» Task input:

---

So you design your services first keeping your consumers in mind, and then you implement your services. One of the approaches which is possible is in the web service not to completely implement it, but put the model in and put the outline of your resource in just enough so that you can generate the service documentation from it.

---

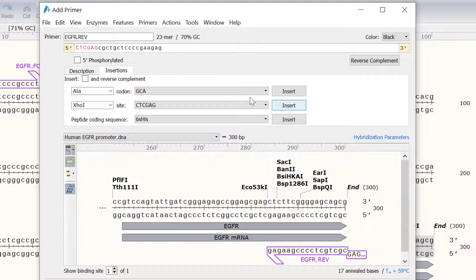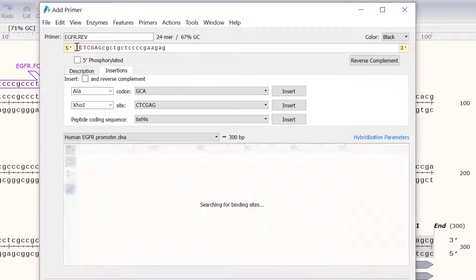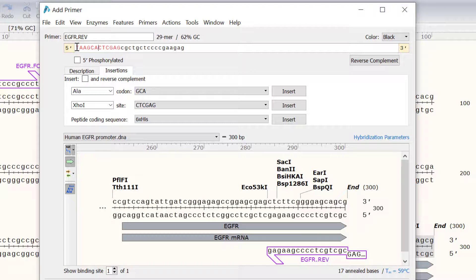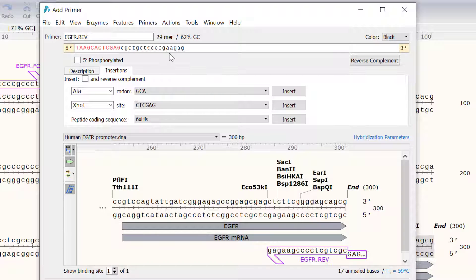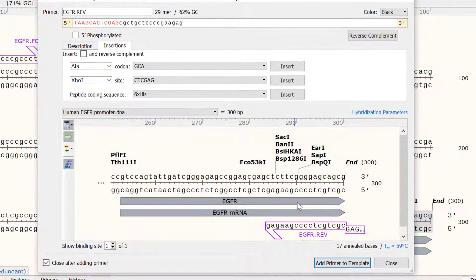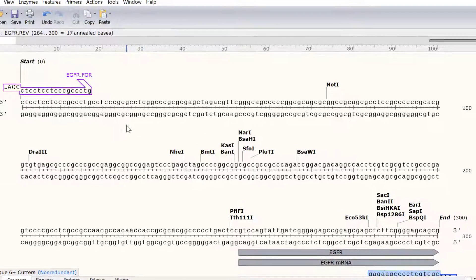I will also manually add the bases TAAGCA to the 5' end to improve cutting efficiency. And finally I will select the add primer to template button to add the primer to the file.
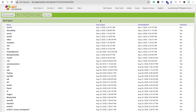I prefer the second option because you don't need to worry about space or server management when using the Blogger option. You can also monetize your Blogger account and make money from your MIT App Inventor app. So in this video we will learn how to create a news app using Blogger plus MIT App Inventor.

---

» Problem requirements:
In the records above, find the line with "I will also" and the line with "I prefer the", then restate word for word only those two lines and all lines between, omitting pictures.

» Result of this task:
I will also manually add the bases TAAGCA to the 5' end to improve cutting efficiency. And finally I will select the add primer to template button to add the primer to the file.
I prefer the second option because you don't need to worry about space or server management when using the Blogger option. You can also monetize your Blogger account and make money from your MIT App Inventor app. So in this video we will learn how to create a news app using Blogger plus MIT App Inventor.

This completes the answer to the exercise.